══ Stored data ══
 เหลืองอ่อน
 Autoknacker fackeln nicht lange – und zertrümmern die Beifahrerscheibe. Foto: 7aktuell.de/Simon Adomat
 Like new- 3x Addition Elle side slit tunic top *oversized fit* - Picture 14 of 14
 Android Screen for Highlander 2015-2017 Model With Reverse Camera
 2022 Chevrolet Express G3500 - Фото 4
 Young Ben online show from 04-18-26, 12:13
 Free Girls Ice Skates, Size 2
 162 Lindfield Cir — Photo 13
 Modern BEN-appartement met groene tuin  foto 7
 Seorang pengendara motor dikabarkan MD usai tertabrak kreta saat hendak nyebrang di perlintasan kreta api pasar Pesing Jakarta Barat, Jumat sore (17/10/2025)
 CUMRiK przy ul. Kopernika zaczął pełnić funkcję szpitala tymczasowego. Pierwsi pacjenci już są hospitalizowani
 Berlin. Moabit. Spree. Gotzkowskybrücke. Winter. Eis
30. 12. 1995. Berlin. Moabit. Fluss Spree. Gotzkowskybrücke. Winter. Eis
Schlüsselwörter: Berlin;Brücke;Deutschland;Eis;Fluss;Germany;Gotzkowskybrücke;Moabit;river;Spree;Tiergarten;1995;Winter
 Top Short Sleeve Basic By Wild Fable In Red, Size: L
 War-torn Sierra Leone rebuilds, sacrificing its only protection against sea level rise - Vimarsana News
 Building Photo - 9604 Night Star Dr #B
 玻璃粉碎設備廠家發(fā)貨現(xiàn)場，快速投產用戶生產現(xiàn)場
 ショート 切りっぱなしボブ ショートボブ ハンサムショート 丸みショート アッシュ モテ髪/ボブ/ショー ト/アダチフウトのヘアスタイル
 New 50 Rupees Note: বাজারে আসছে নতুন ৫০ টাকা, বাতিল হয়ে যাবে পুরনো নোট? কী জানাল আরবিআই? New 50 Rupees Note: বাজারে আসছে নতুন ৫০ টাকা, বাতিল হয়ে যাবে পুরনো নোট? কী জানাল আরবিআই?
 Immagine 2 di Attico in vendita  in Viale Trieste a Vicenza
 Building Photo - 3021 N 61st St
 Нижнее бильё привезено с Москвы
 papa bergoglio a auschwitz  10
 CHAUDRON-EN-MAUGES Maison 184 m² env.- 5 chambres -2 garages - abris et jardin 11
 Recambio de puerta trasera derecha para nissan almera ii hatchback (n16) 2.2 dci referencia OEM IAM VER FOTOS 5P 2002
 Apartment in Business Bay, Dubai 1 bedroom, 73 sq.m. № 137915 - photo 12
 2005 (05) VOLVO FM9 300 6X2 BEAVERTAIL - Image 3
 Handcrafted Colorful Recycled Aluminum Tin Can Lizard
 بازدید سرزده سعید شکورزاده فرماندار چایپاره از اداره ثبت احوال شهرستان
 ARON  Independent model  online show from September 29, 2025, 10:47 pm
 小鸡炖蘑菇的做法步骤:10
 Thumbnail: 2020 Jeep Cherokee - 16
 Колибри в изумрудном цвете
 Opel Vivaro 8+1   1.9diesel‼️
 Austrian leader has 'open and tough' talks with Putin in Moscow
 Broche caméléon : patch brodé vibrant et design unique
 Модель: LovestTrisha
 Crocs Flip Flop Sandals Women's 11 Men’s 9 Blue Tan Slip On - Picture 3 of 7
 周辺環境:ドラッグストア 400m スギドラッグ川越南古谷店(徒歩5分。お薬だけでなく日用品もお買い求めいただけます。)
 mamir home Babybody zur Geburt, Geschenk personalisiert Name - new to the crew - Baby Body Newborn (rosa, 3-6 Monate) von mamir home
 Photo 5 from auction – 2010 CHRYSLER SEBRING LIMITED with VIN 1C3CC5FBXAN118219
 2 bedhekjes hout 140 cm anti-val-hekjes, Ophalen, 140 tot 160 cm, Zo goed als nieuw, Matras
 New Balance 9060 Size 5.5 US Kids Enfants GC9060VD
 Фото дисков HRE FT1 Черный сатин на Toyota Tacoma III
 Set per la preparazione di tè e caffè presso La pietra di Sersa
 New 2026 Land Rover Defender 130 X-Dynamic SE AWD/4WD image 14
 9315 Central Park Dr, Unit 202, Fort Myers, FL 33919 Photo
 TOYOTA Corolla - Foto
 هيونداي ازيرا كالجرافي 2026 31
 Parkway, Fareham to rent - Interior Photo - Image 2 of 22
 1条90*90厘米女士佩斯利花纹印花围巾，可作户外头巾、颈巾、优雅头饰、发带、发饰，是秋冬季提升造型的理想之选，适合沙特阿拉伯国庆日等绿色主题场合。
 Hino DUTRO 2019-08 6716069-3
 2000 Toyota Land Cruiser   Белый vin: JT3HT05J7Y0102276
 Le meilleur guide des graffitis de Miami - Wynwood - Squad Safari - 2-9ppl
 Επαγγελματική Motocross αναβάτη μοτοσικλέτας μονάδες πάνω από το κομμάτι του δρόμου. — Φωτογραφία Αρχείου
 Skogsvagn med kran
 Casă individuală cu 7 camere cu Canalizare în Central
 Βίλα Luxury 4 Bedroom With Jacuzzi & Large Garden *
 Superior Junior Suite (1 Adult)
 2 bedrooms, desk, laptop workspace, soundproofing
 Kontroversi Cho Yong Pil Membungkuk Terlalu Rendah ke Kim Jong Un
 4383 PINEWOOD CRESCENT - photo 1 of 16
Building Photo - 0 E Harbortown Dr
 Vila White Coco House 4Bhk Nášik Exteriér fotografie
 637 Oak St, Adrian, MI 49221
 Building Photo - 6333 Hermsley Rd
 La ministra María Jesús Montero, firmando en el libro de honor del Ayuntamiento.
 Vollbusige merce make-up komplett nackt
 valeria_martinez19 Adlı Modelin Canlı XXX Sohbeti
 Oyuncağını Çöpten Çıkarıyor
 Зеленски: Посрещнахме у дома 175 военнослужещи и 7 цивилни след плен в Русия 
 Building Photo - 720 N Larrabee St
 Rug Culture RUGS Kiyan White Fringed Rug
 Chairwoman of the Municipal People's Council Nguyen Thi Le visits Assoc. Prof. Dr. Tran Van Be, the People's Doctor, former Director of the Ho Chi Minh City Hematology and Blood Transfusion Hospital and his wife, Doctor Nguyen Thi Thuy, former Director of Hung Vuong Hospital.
═══
Aim of the exercise:
Check each line in the records above for the word "Spree". Return those that have it.

Answer space:
 Berlin. Moabit. Spree. Gotzkowskybrücke. Winter. Eis
30. 12. 1995. Berlin. Moabit. Fluss Spree. Gotzkowskybrücke. Winter. Eis
Schlüsselwörter: Berlin;Brücke;Deutschland;Eis;Fluss;Germany;Gotzkowskybrücke;Moabit;river;Spree;Tiergarten;1995;Winter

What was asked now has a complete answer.